Australian annual LGBTQIA+ awareness day

Wear it Purple Day is an annual LGBTQIA+ awareness day especially for young people, based in Australia. Supporters wear purple to celebrate diversity and young people from the LGBTQIA+ community.

The Day is organised by Wear it Purple, a student run, not-for-profit organisation, providing presentations and workshops.

Businesses, councils, schools, community groups and clubs can participate by wearing purple and hosting events.

== History ==
It is celebrated on the last Friday in August each year in Australia and was launched in 2010. Previous years have celebrated the day in September or October. The day was co-founded by Katherine Hudson and Scott Williams, when Hudson was in high school and Williams was in the first year of university. Hudson graduated from Burwood Girls High School in 2011, which was later a site of controversy due to the Wear it Purple Day events involving screening the film Gayby Baby.

Wear it Purple Day was created in response to the suicide of New Jersey teen Tyler Clementi.

=== Symbolism ===
Hudson states that she "...saw purple as a way of bringing people together from all different backgrounds and creating one thing…a symbol of unity..." Williams found that working with Wear it Purple has given him a more positive perspective.

The first Wear it Purple Day asked participants to wear a purple arm band "...to show support for queer teens at risk." The day's focus has changed from initially being about sorrow and self-harm prevention, to a celebration of rainbow youth and pride.

== Celebrations and support ==
The first Wear it Purple Day in 2010 was supported by the Federal Minister for Health, the Teachers Federation, Coming Out Australia and RUOK?. Members of Parliament from almost all parties attended Wear it Purple Day's inaugural reception.
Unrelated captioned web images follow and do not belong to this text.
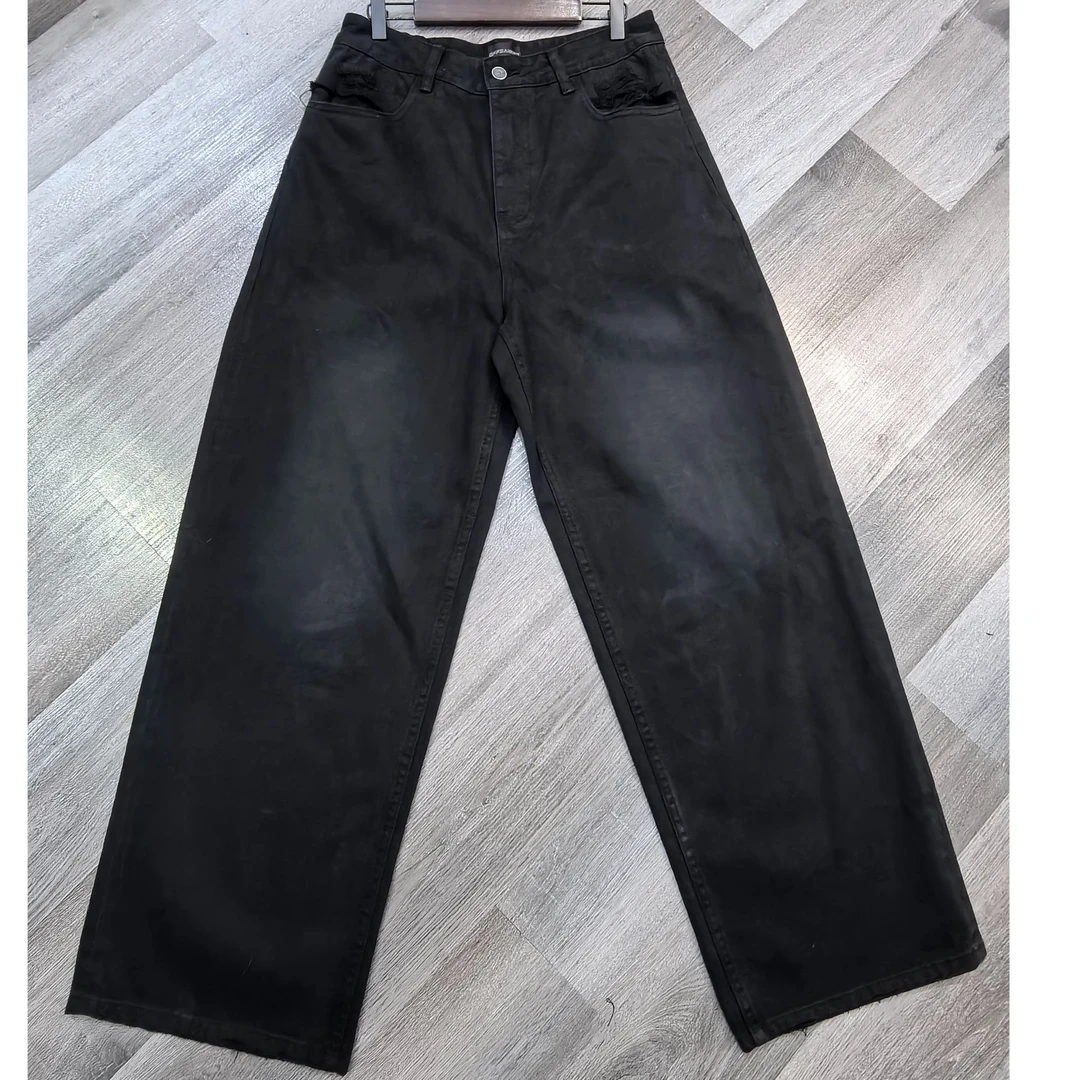 小胡子牛仔裤阔腿裤高腰简约设计师牛仔裤早春黑色阔腿裤春秋中性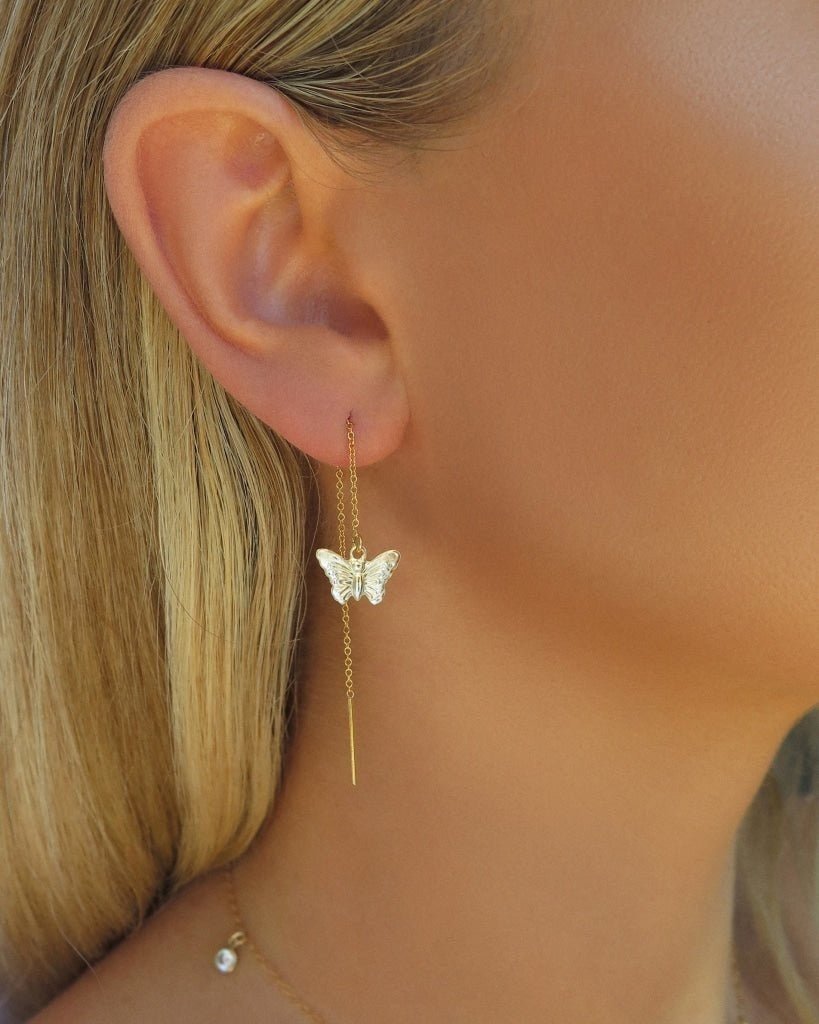 BUTTERFLY THREADER EARRINGS - The Littl - 14k Yellow Gold Fill -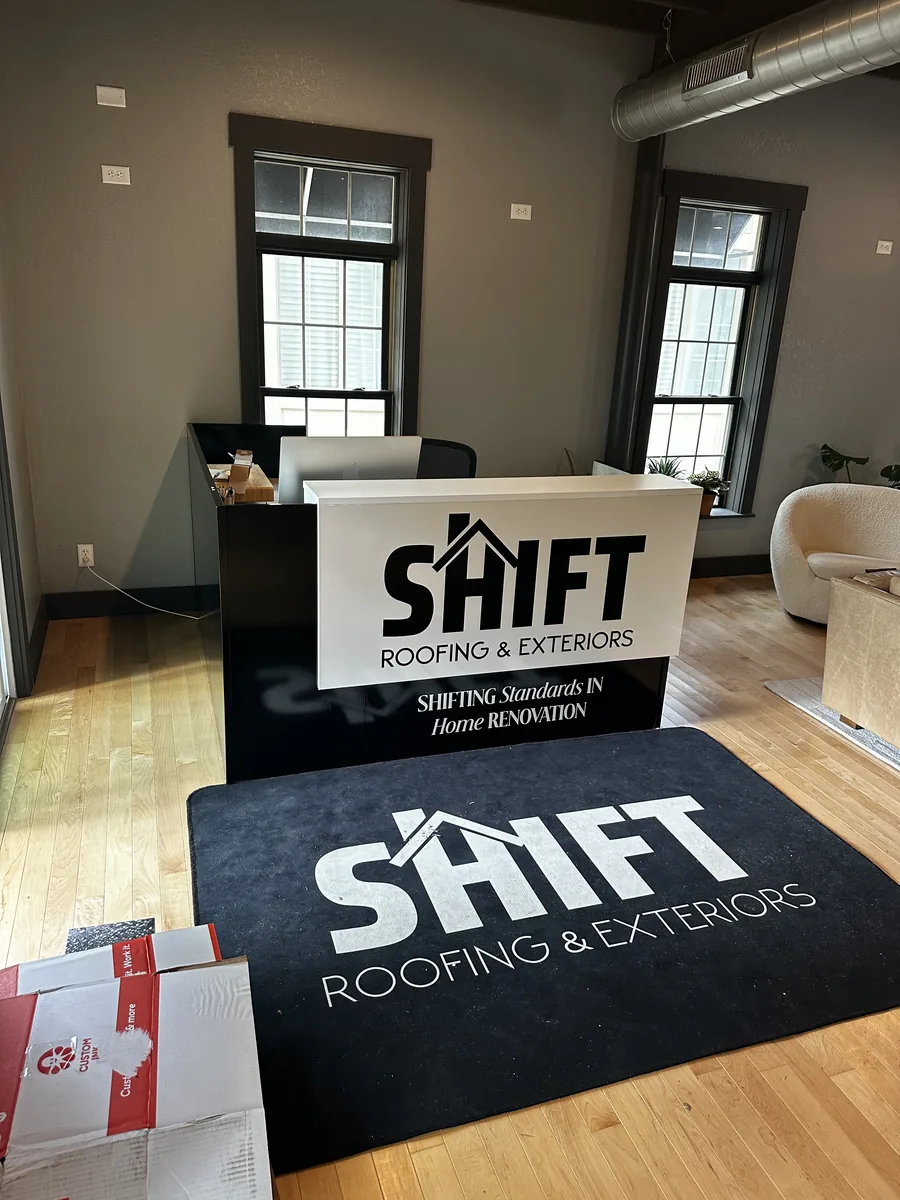 Reception desk sign and logo floor mat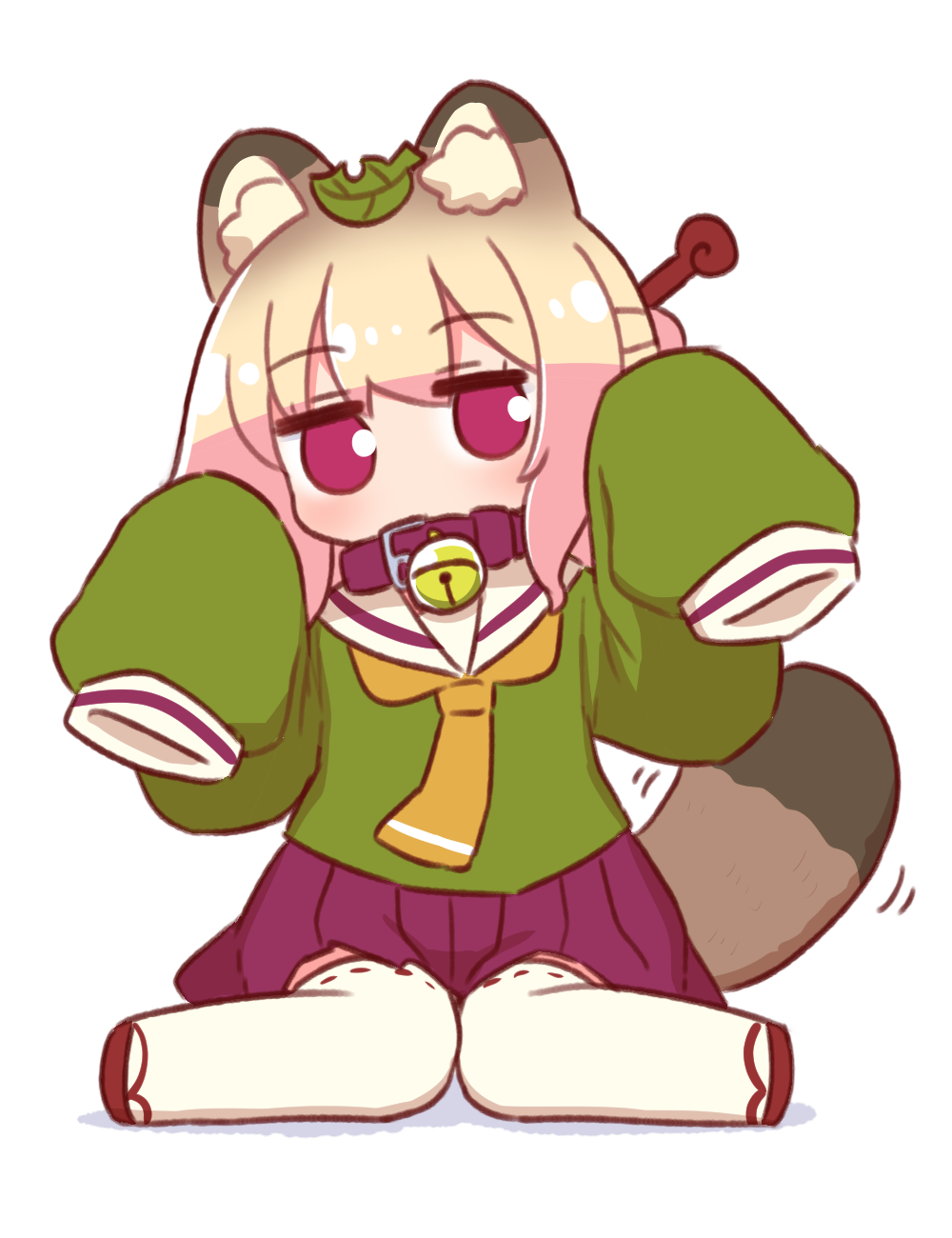1girl animal_ear_fluff animal_ears bell blonde_hair blush brown_collar collar commentary_request full_body green_shirt hair_bun hair_ornament hands_up highres jingle_bell jitome kemomimi-chan_(naga_u) kemonomimi_mode leaf leaf_on_head long_sleeves looking_at_viewer motion_lines naga_u neck_bell necktie orange_necktie original pleated_skirt puffy_long_sleeves puffy_sleeves purple_eyes purple_skirt raccoon_ears raccoon_girl raccoon_tail red_footwear ribbon-trimmed_thighhighs ribbon_trim sailor_collar sandals shadow shirt simple_background sitting skirt sleeves_past_fingers sleeves_past_wrists solo striped_tail tail thighhighs wariza white_background white_sailor_collar white_thighhighs zouri
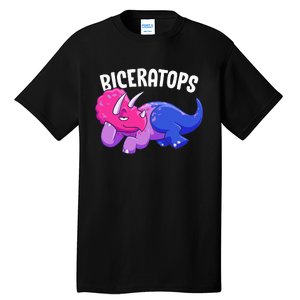 Biceratops LGBT Bisexual Flag Bi Dinosaur Triceratops Tall T-Shirt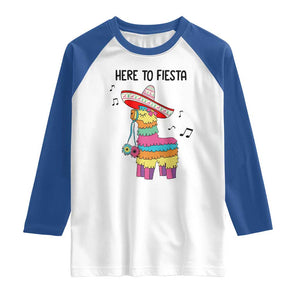 Funny Pinata Mexican Raglan Shirt Here To Fiesta TS14 White Royal Print Your Wear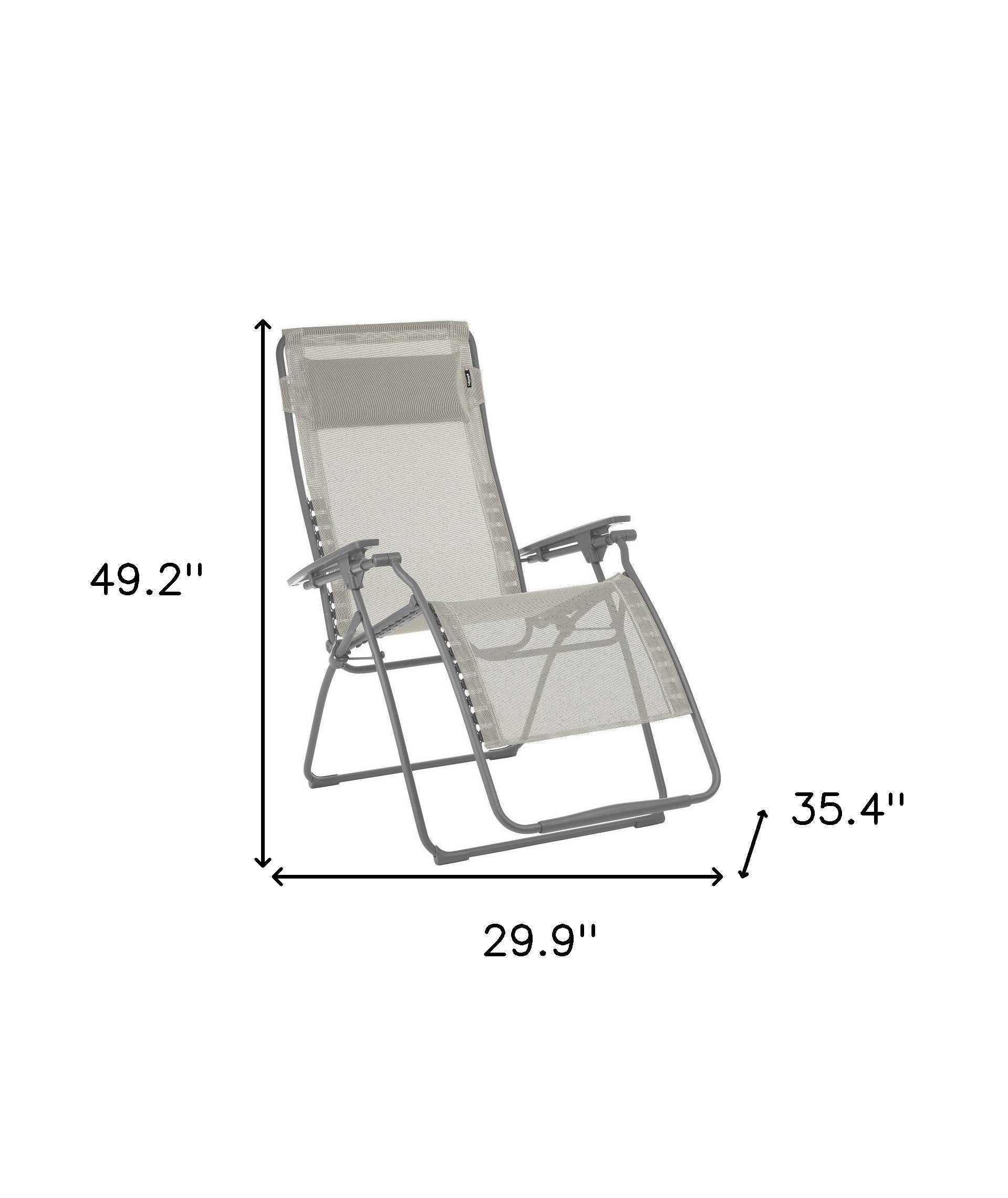 30" Light Gray and Chrome Steel Outdoor Zero Gravity Chair with Light Gray Cushion-Outdoor Chairs-DECOROLALA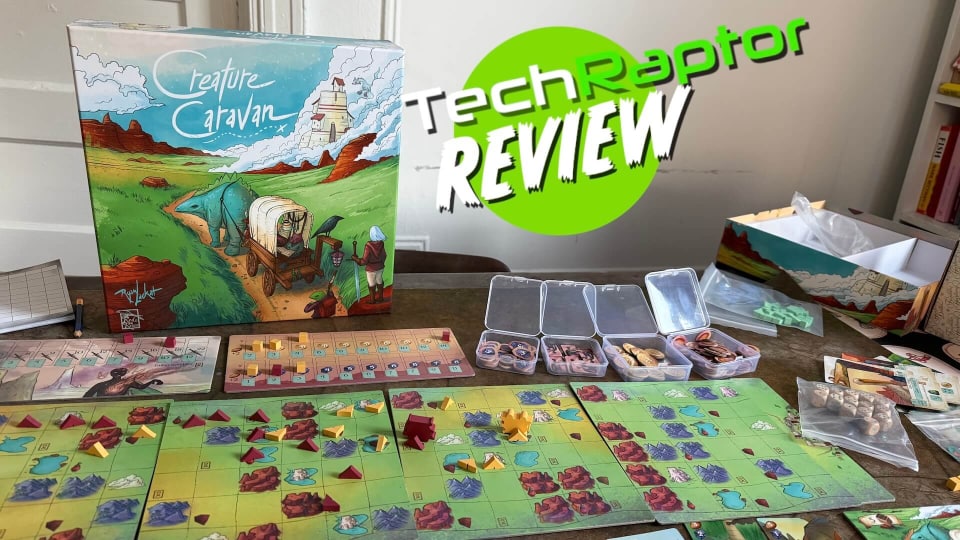 An image of Creature Caravan featuring the game box and game board
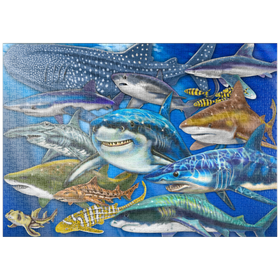 Darstellung des Puzzle Motivs Faszinierende Haie in kunstvoller Unterwasserillustration - Puzzleteile: 1000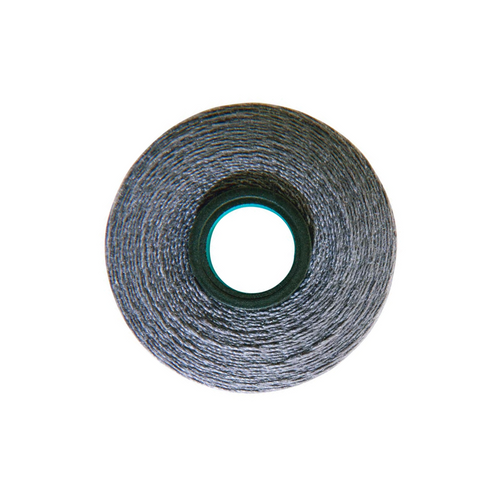 Close-up of a Magna-Quilt 50 weight cotton bobbin, size L, in Lead Grey, with 74 yards of thread.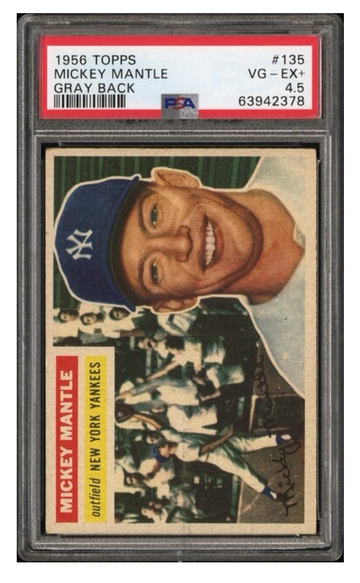 1956 MICKEY MANTLE TOPPS GRAY BACK 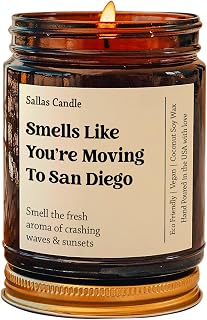 Smells Like You're Moving to San Diego Soy Wax Candle, Eco Friendly 4Oz & 9Oz Amber Candle, 9 Scent Options Gift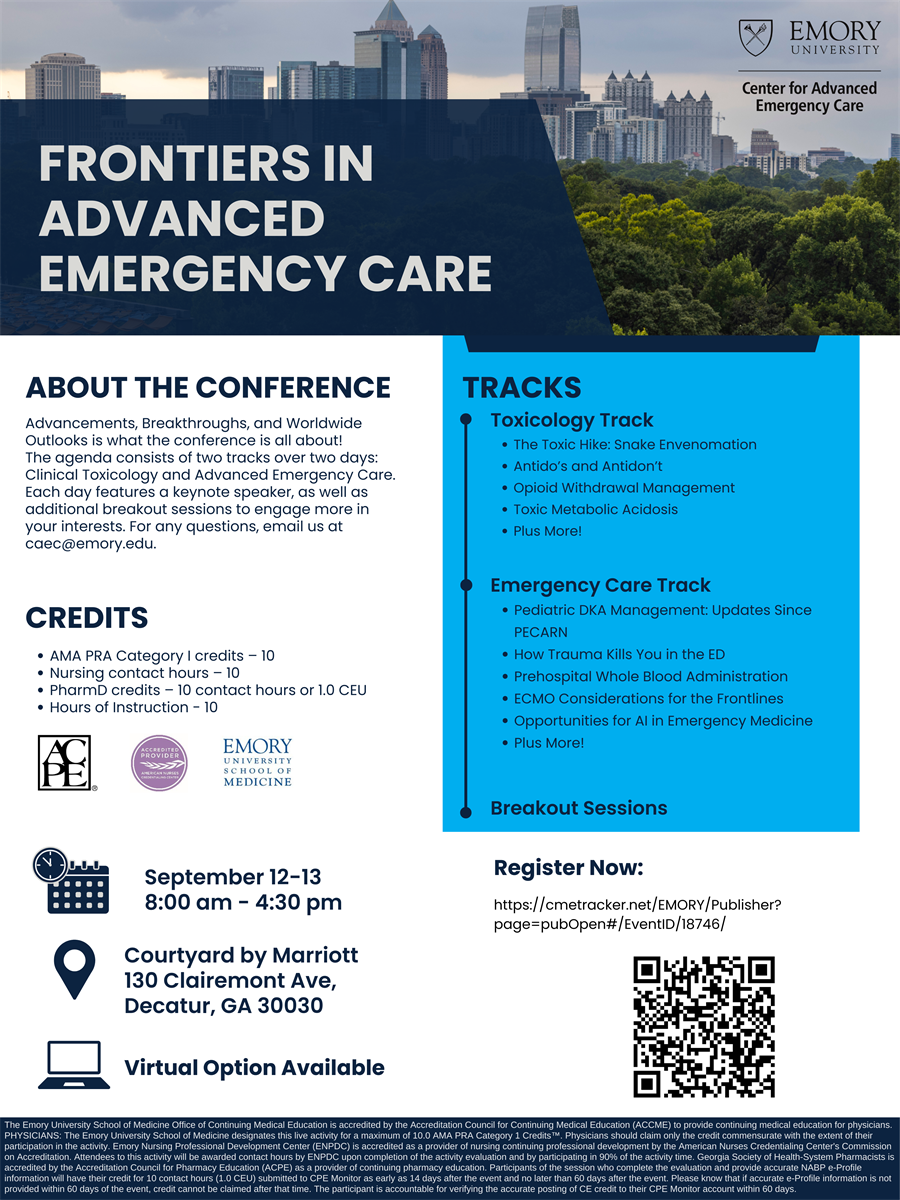Frontier in Advanced Emergency Care Conference will take place in Atlanta, Ga. (virtual option available) on September 12-13, 2024 with two tracks: Emergency Care and Toxicology 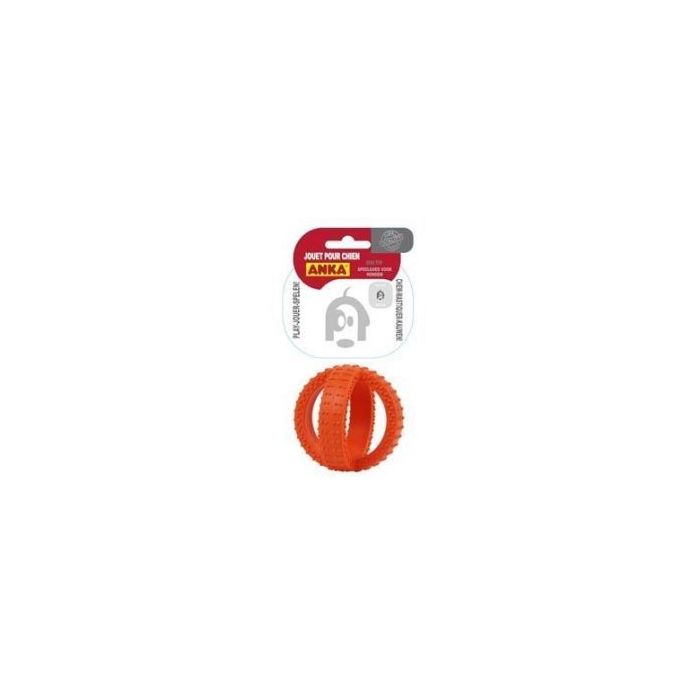 Jouet dentaire pour chien- balle en caoutchouc - rouge - 14cm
At the reception, Adrian Piccoli (then-Education Minister) mentioned the progress of the pilot Proud Schools program, and committed the continuing the program. The Proud Schools program ceased in 2015.

Wear it Purple Day received a funding grant in 2012 (as part of Mental Health Week) from the NSW Mental Health Association and ACON.

The Sydney Gay and Lesbian Mardi Gras has included a Wear it Purple float in the parade in 2011, 2012, 2013, 2016, 2017 and 2018. Both the 2017 and 2018 floats were run in conjunction with the NSW Police Force GLLOs (Gay and Lesbian Liaison Officers). The Australian Pride Network awarded the Wear it Purple stall at Fair Day with Best Fair Day Youth Stall (2014), and Best Community stall (2016). In a 2011 interview, co-founder Scott Williams highlighted the importance of Mardi Gras to young people, and for Wear it Purple to participate and bring visibility to young rainbow people.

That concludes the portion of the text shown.